If they’re going in there for something that they need, though, presumably that item is a kind of communal family item anyway. It’s not like they’re going to get your diary and go noseying through, is it? (Well, I’m going they wouldn’t).
It’s not about being married or not. It’s about knowing someone intimately, trusting them implicitly and being part of the same household. So, if they needed some, I don’t know, paracetamol and knew I always kept some in my bag, then I wouldn’t really expect them to call to me if I was in the shower asking for permission to go in my bag and get some. Although they would tell me afterwards “by the way I took 2 paracetamol from your bag.”
I’m sure no-one else in the family but me would have the slightest interest in what’s in my handbag: purse, glasses, makeup, umbrella, spare sanitary towel, medication, my cheque book etc.

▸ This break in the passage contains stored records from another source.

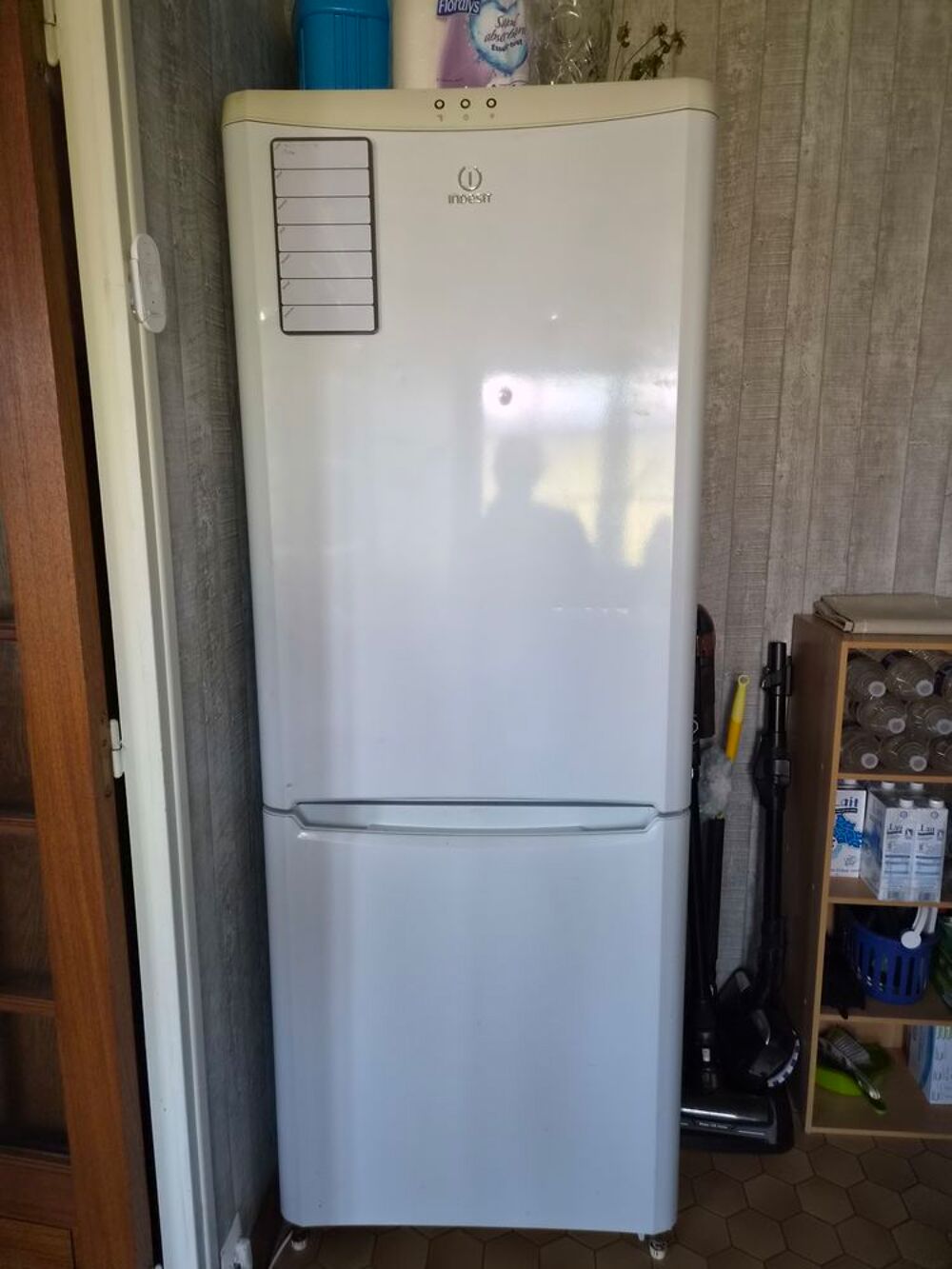 frigo cong&eacute;lateur 
Doigt partir viteCausse d&eacute;m&eacute;nagement Cuisine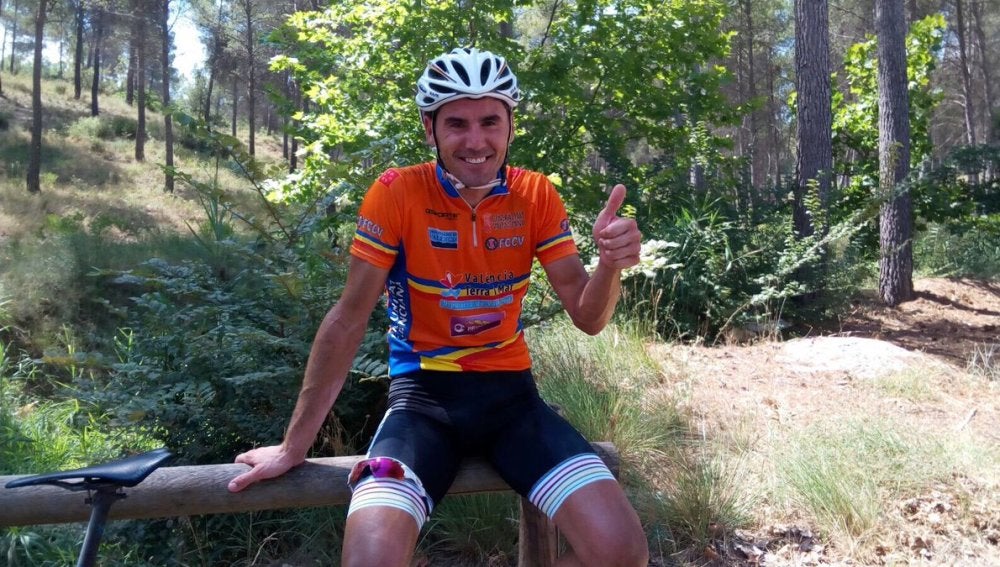 Manuel Sánchez, tras proclamarse campeón de España de Mountain Bike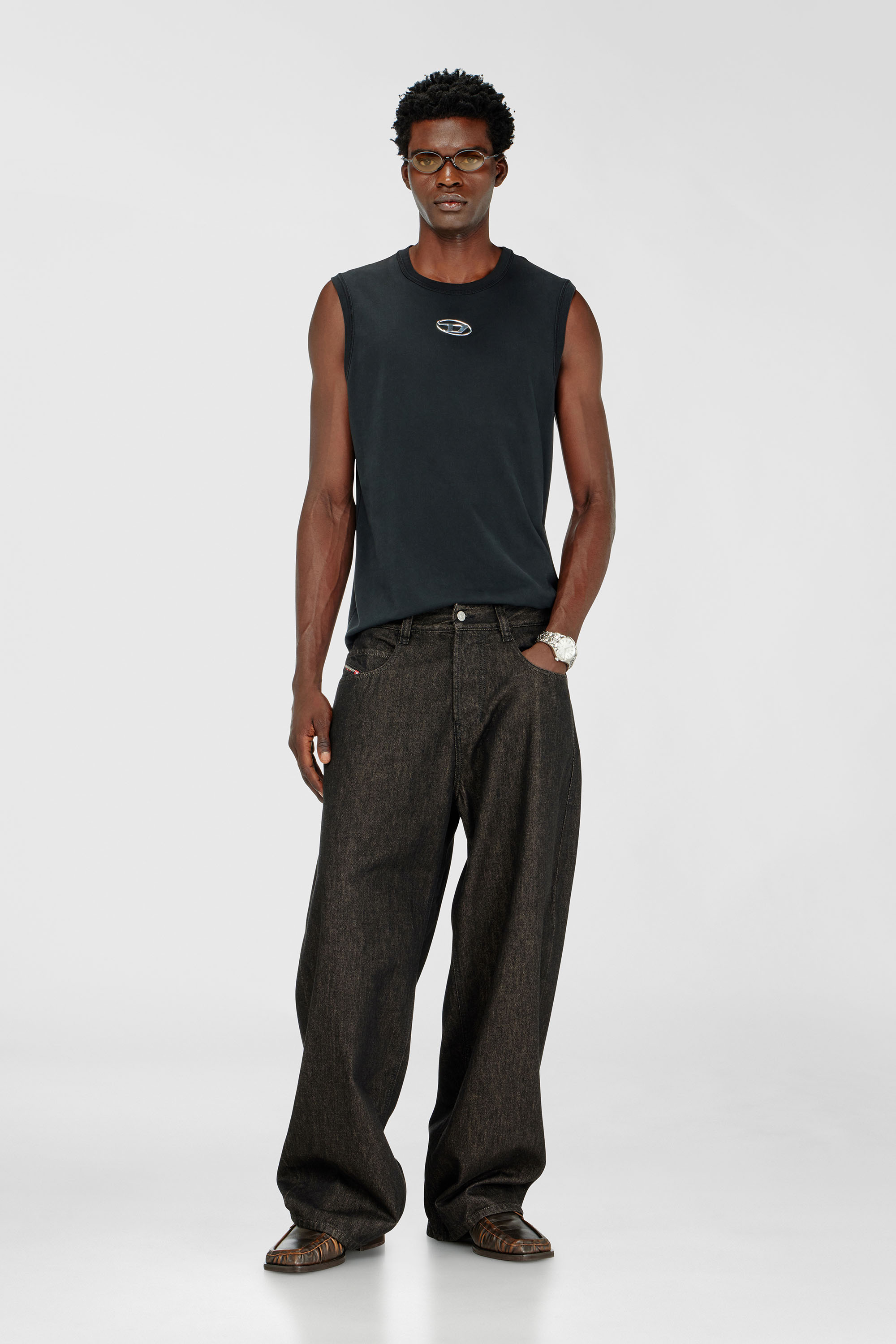 Diesel - T-BISCO-IOD, Camiseta de tirantes de algod&oacute;n sin mangas con Oval D met&aacute;lico Hombre in Negro - 2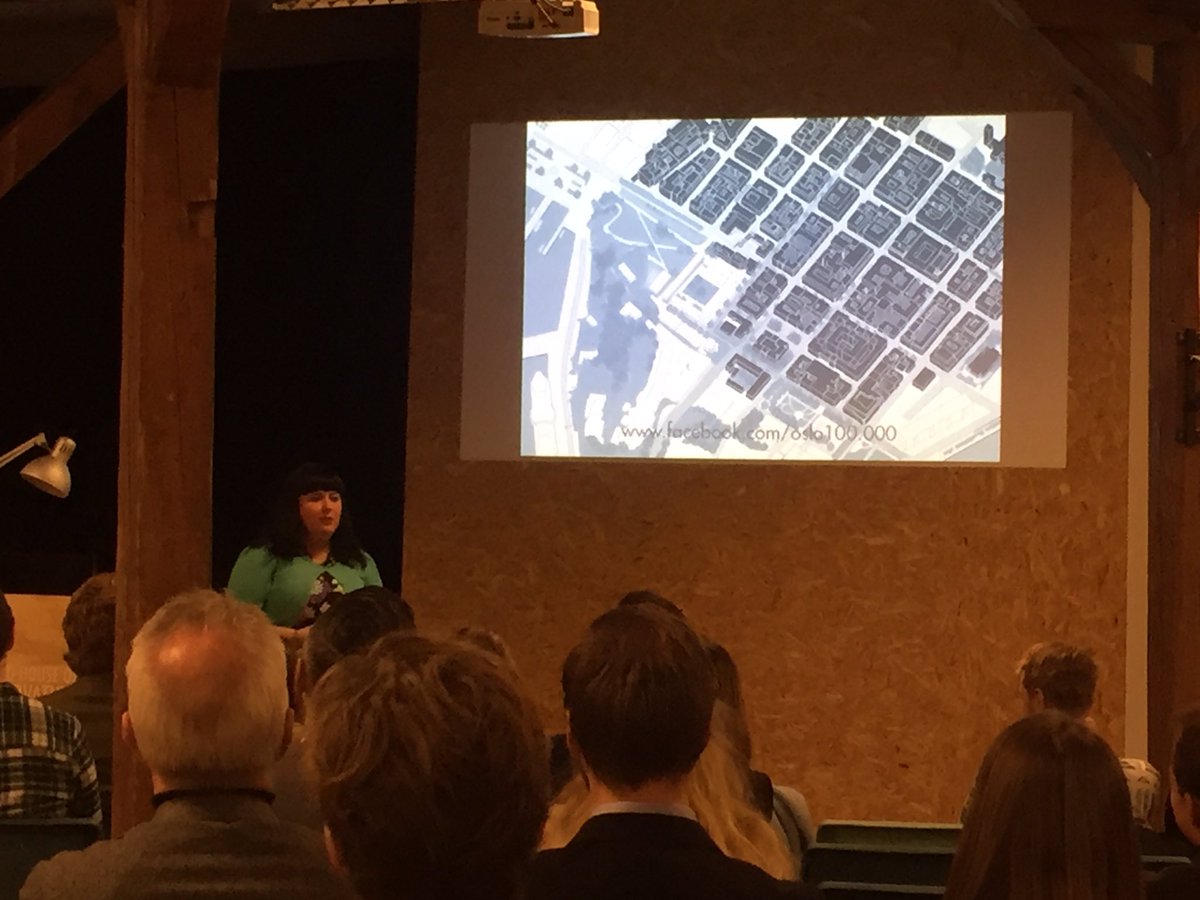 På frokostmøte om #kvadraturen i regi av <a href="/OsloMetroArea/">Oslo Metropolitan Area</a>. <a href="/vicsme/">vic! ⚢︎</a> tror fremdeles på byliv, mens vi andre venter i spenning.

There is nothing juicy there that a houseful of males would be interested in unless they were secretly cross-dressing.
Maybe when I have stashed a couple of tena ladies I may feel differently!
I do remember when I was young being at family gatherings with elderly ladies with handbags at their feet and pre-schoolers (who seem fascinated with looking inside bags
) being told by them “ooh, no, don’t touch! It’s rude to go through a lady’s handbag.”
Surely they should have just said “ooh, no, that’s not yours, it’s not good manners to look through someone else’s bag”, as if you’re going to enforce a rule about “going through” someone else’s belongings it should apply equally to men and women.